My enjoyment of this glass of Gassan wasn't limited either, nor bounded by space and time. Pretty sure the first time I had Gassan was at the dearly departed Nekoya in Tsukiji. That was a cool place, or at least I remember it that way. Sometimes it's hard to say when you've been going to sake izakaya this aggressively for this long and your tastes have changed this much whether your memories are accurate. I feel old.
ahahaha, I wasn't even trying to segue, but this is perfect. I feel old, but not as old as this oil...If I understood correctly, Fuu has been open for 2 years and is just topping up the fry oil every night. Certainly the outside of the pot was black and caked with sludge in a way I haven't seen since Woody and I ate at Otafuku. The fried food was good here too. Not a coincidence, I tell you.
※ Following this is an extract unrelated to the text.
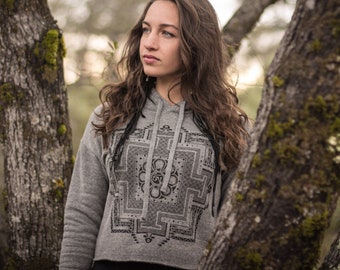 Divine Crop Hoody ~  Sustainable eco friendly ~ Sacred geometry hoody ~ flower of life crop Top ~ Women's Clothing - Yoga Wear ~ Yantra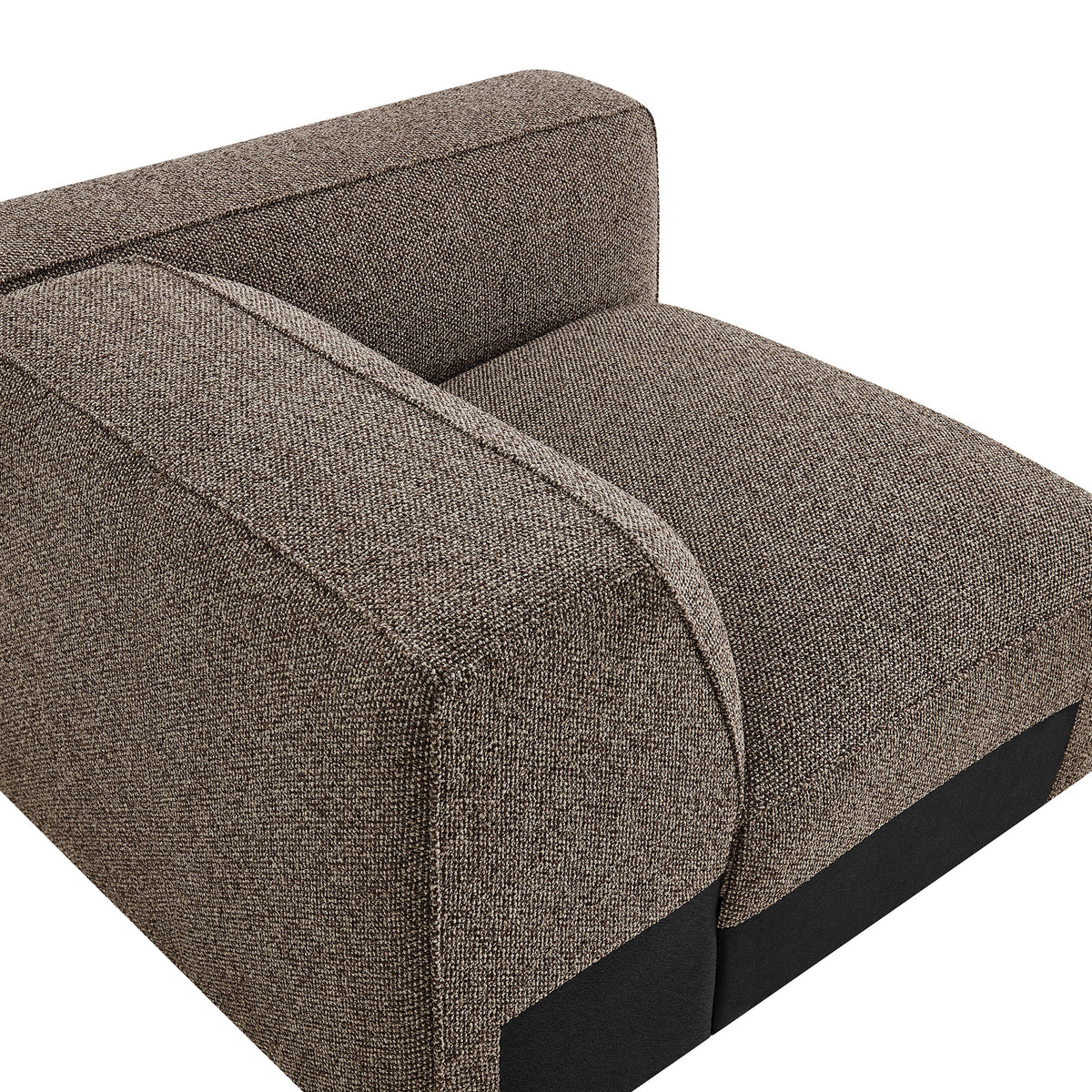 Auren Lattice Bouclé Upholstered Modular Right-Facing Arm Chair - Earth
oooh, this was a highlight. Gobo chips, tofu, and fish bits, all tatsuta-fried (cornstarch batter, I now remember). Delicious, and the thickened broth on all of it was also excellent. You have to get this if you go here. I know how likely that is, but it's still an important point of order.
Not totally sure what this was. I mean, it's definitely eggplants, and they were stuffed with something that may have been ground chicken, and the sauce was a tomato-chili confection, but beyond that I'm lost. Like, why is the sauce so dark? And why was it so tasty? And why didn't they have white rice so I pour the remnants all over a bowl of it?
Nice piece of grilled sawara, like the stuff that was on the dish on the counter in the early picture. Grilled fish can be so dry in Japanese restaurants; this was good. Maybe he used a splash of oil from the historic fryer for essence.
These were sitting on the counter in raw form, and I was inclined to get them, but the waitress would not stop saying I should order them, so I waited until the end. They're fried spring rolls with a lot of wood ear fungus (kikurage, if you like) and then seafood bits mixed in. Sure, they were good. I just knew she was trying to get rid of them.
Which is understandable, because there were only 2 or 4 patrons other than us the whole night. We were first in at 6:30 (the time I had reserved for...) and were chatting pleasantly right up until the waitress announced last order at 9:30. Where does the time go?

Down the evil Machida goat-hole, no doubt. 

It bears saying, this place is nice but isn't a patch on Ibuki. If you're in Machida for some crazy reason, that's your go-to.